__To do__
Since the copy must match the original, write out each record word for word, skipping only the pictures.

□ □ □ □ □ □ □

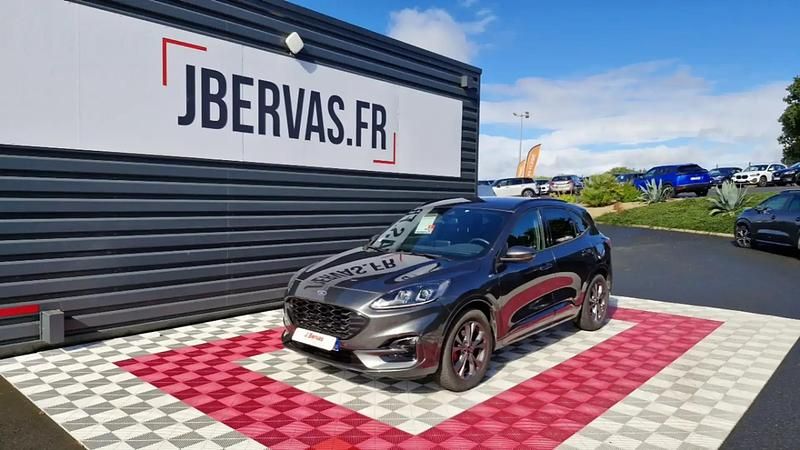 Utilisé 2021 Ford Kuga ST-Line SUV | 24 990 € (Prix juste) - Image 1/4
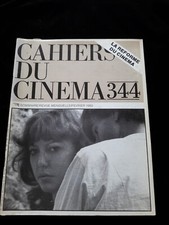 Cahiers cinema 344 d'occasion Cahiers cinema 344 d'occasion  Paris V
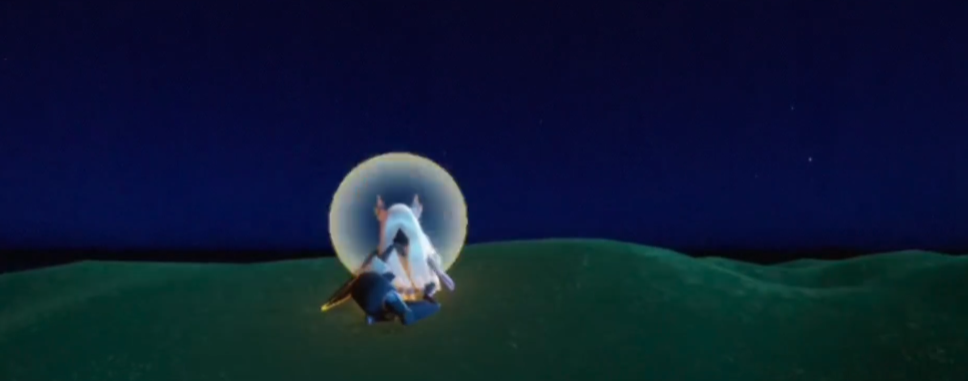 在光遇这个游戏里还有什么物品会把人挤下去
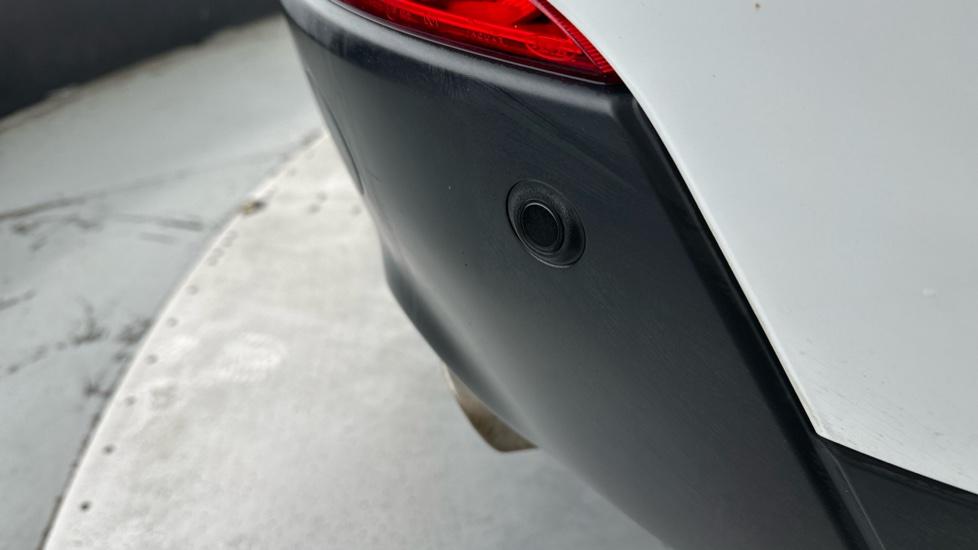 Rear Parking Sensors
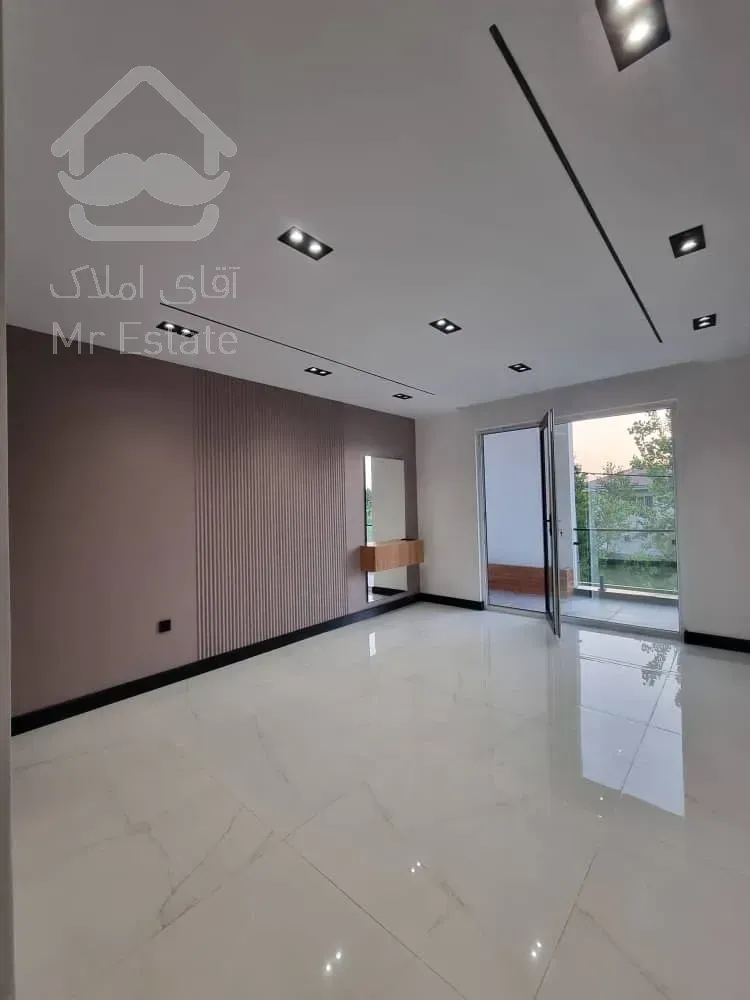 فروش و تهاتر ویلا مدرن عباس آباد مازندران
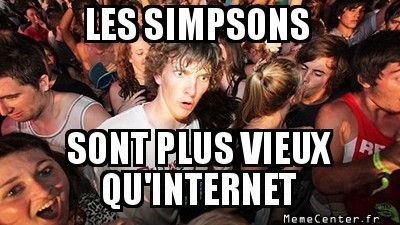 C'est vieux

□ □ □ □ □ □ □

__Answer__
 Utilisé 2021 Ford Kuga ST-Line SUV | 24 990 € (Prix juste) - Image 1/4
 Cahiers cinema 344 d'occasion Cahiers cinema 344 d'occasion  Paris V
 在光遇这个游戏里还有什么物品会把人挤下去
 Rear Parking Sensors
 فروش و تهاتر ویلا مدرن عباس آباد مازندران
 C'est vieux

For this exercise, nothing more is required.